BY BREVARD CHILDS
BERRIEN SPRINGS-Satan proudly announced the success of the annual Week of Atheism which took place last week. The goal was to torment seminarians and devise a cunning new plan for them to curse God.
They created a Week of Atheism couched in godly, holy and spiritual language to deceive seminarians to mistake this as God’s will and decided to call it a “Week of Spiritual Emphasis”. With that name, Satan intended to weaken the overall faith of seminarians while simultaneously turning them against God.
“Of course, I didn’t want to be obvious about my true plans by calling it a Week of Atheism but the goal was to eventually turn these devout seminarians into atheists. So we decided to adopt the name ‘Week of Spiritual Emphasis’ to disguise our true intention of diminishing faith. I wouldn’t have been able to do this without willing human agents so I’m delighted that several folks from the seminary’s administrative department volunteered to make this program a success,” said Satan.
Satan’s seminary agents used all the spiritual forms and language that seminarians were familiar with to allow them to associate the week with God. Thus, the Week of Atheism took place under the guise of “worship”.

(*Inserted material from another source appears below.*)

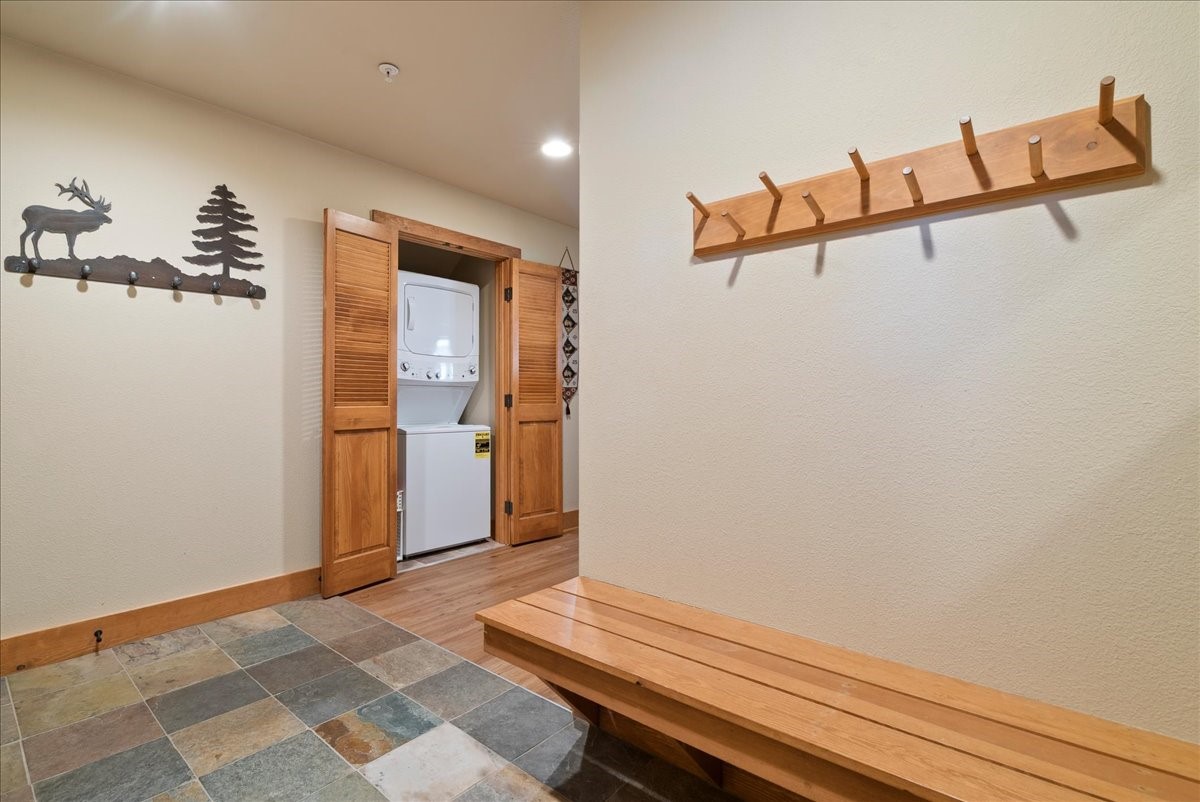 201 Hawk CIRCLE 2329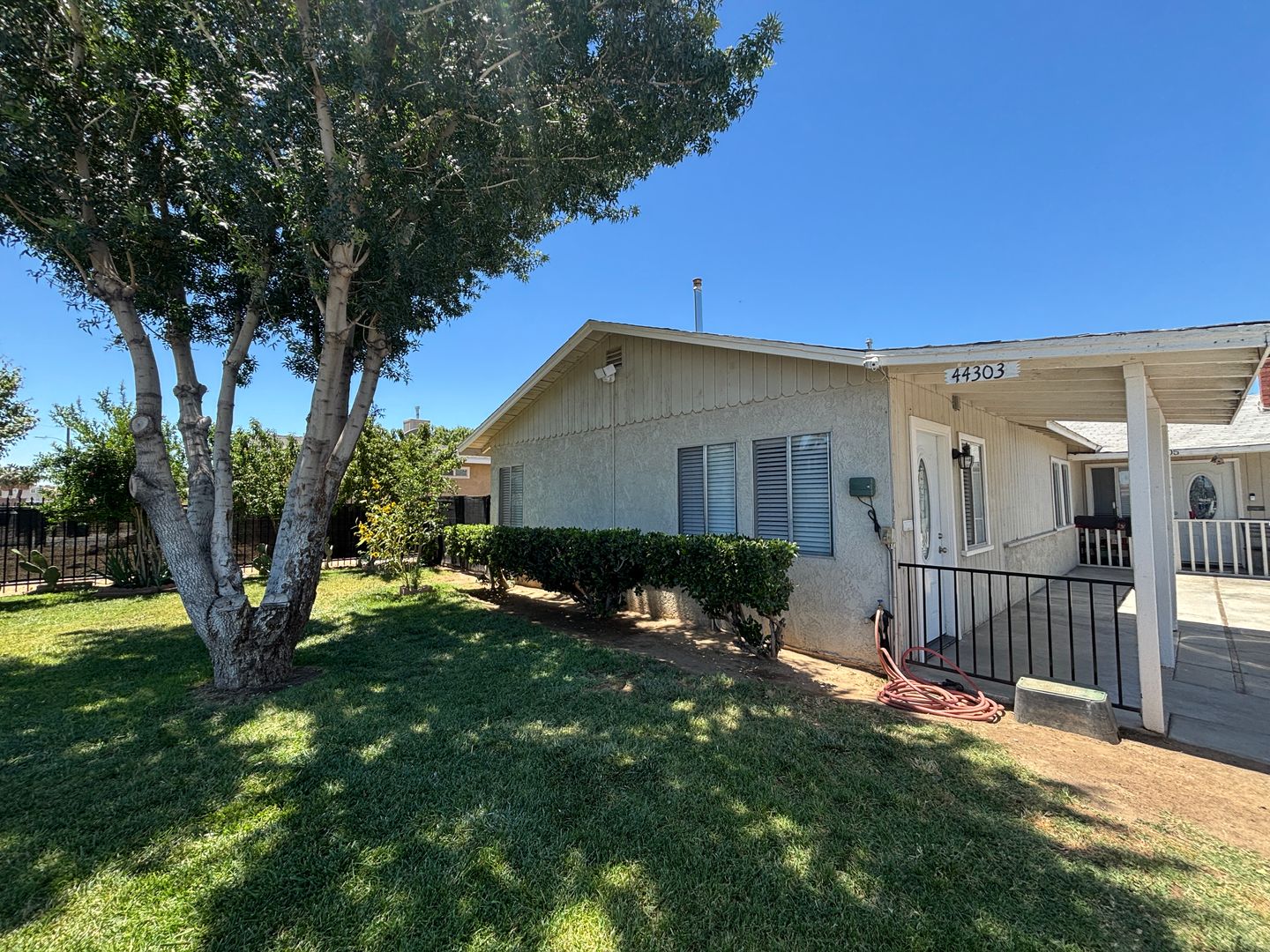 LANCASTER House: 44303 BEECH AVENUE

“First, we had to compel them to attend the ‘worship services’. So we made it a requirement to attend two out of three of the programs. Next, we knew that school is stressful enough as it is and that most seminarians weren’t getting enough rest or time with their families. We added to their load by having them attend class half an hour earlier which allowed us to extend the mediocre programs with that extra time,” said Arnold Grotter, who serves a dual role as seminary spokesperson and agent of
Satan.
The Soy Dog asked Grotter what each service was comprised of. “First, we make our tired seminarians watch clichéd and formulaic videos which preach ‘spiritual virtues’ that everyone’s heard before. This is designed to wear them out and make them tune out actual spiritual pearls of wisdom because they simply get used to the same, old mundane status quo. After the sermon, we have them listen to trite, rehearsed and standard testimonies which don’t strengthen faith but cause them to question God’s work in their lives,” replied Grotter.

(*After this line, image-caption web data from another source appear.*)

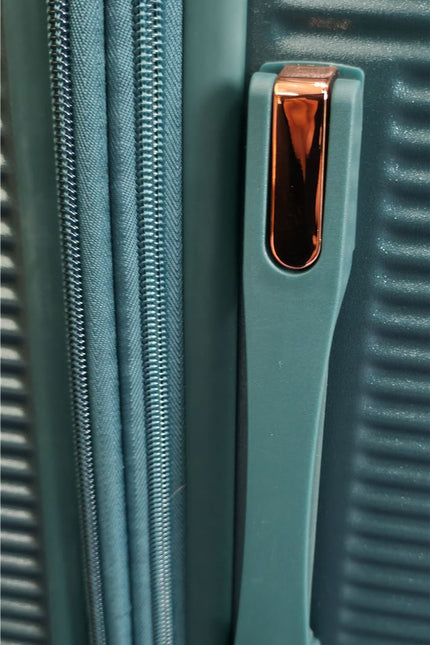 Cowra Large Hard Shell Suitcase in Dark Green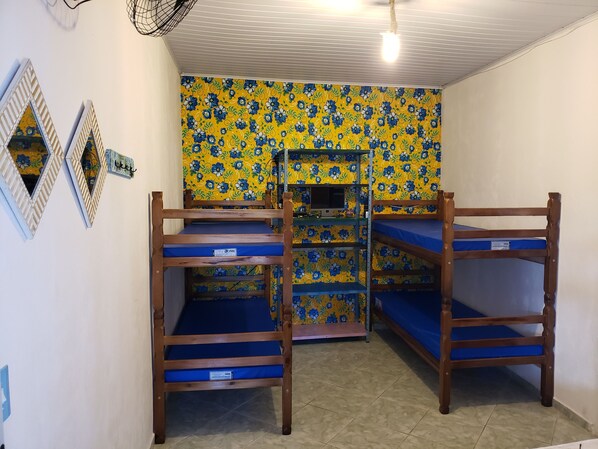 1 chambre, Wi-Fi gratuit, draps fournis
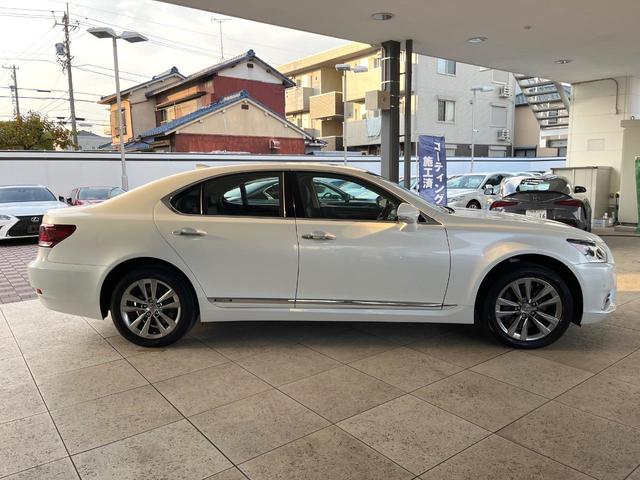 LS LS600h バージョンL マークレビンソンサウンド プリクラッシュセーフティシステム レーダークルーズコントロール レーンキープアシスト パワートランクリッド 純正18インチアルミ 黒革シート メモリー機能付きパワーシート(64枚目)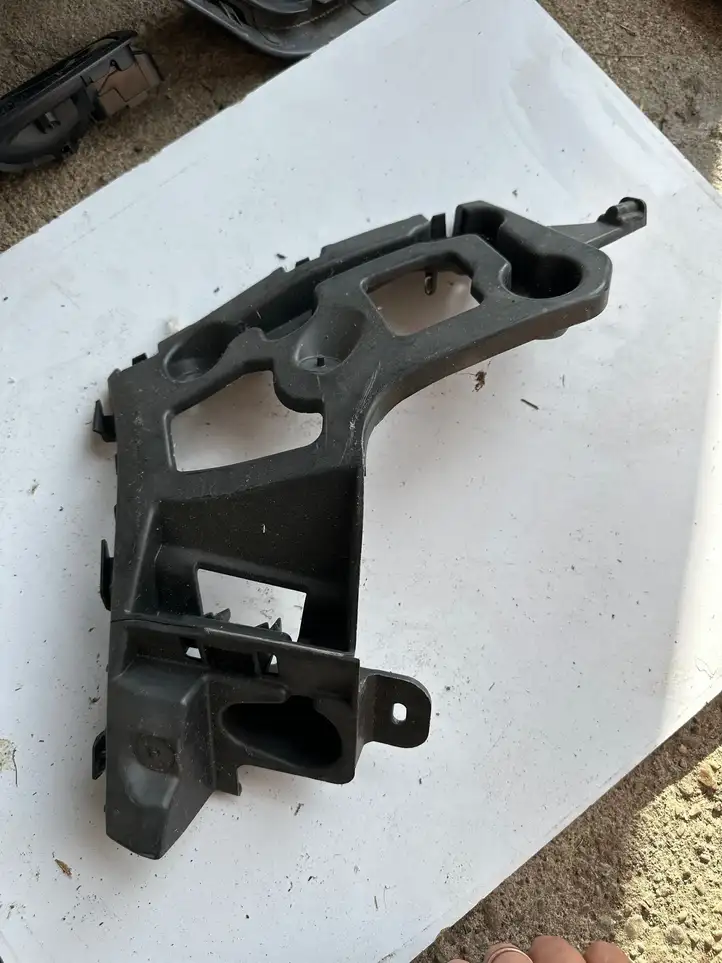 Renault Captur (2013 - 2020) 852220257R Кронштейн заднего бампера — фото 1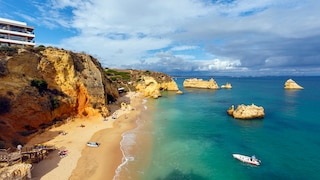 Dass Portugal schöne Strände hat – so wie die Praia da Dona Ana an der Algarve – weiß man. Aber es gibt auch Dinge, die sind weniger bekannt. Wir verraten einige unten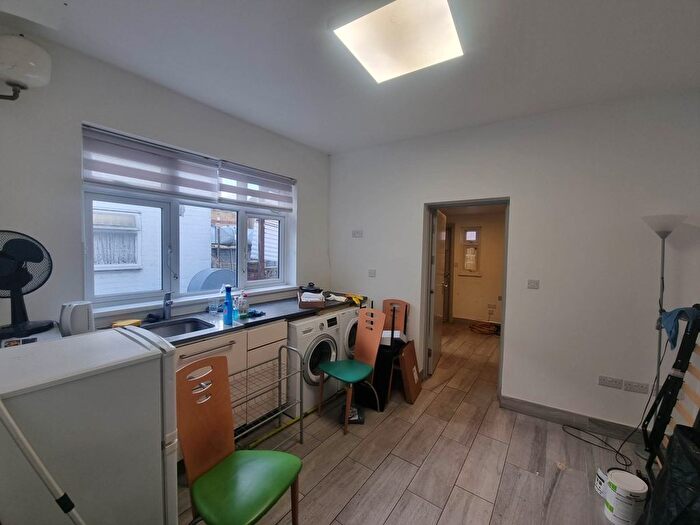 Studio To Rent In Westbury Avenue, Turnpike Lane, N22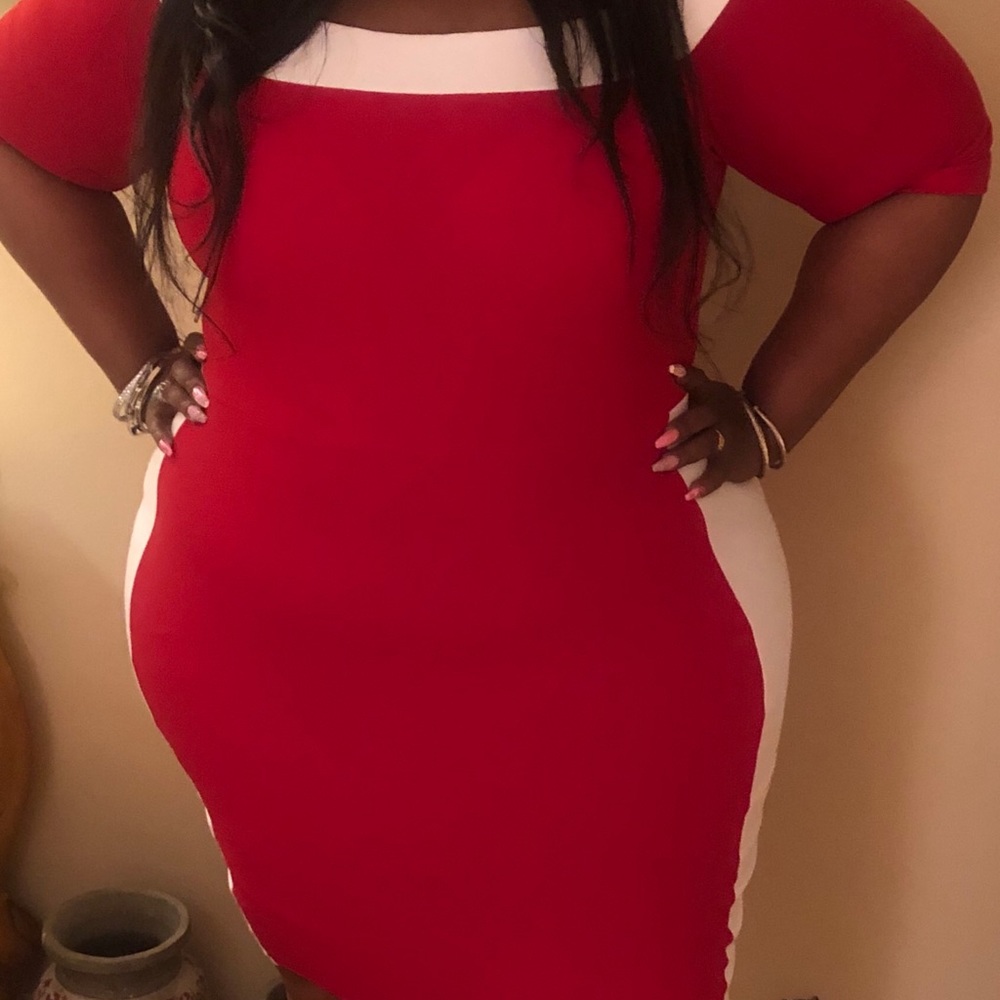 Red, red, red - Picture 7 of 7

Satan’s agents also advertised this week to seminarians by insisting that the event “fosters community” even though it strengthened existing cliques and kept seminarians of different races apart. The Week of Spiritual Emphasis also meant that Satan didn’t have to tempt seminarians with other sins since the program actually drove them to vices and sinful behavior.
Meanwhile, God has distanced Godself from the program.
“This is definitely not something I came up with. I would have preferred giving seminarians that time to spend with their wives and children. For those that aren’t married, maybe they can use that time for personal Bible study, devotion or to make new friends in the school. Why would I create a program that would make seminarians curse me?” declared God.
“Now, I understand that we’re working with imperfect human beings who can’t trust each other and insist on documentation. So why not let them post pictures of how they spent their time? Perhaps they can write about their experience meditating upon how I’ve blessed them. Sometimes, we’ve got to realize that less is more.”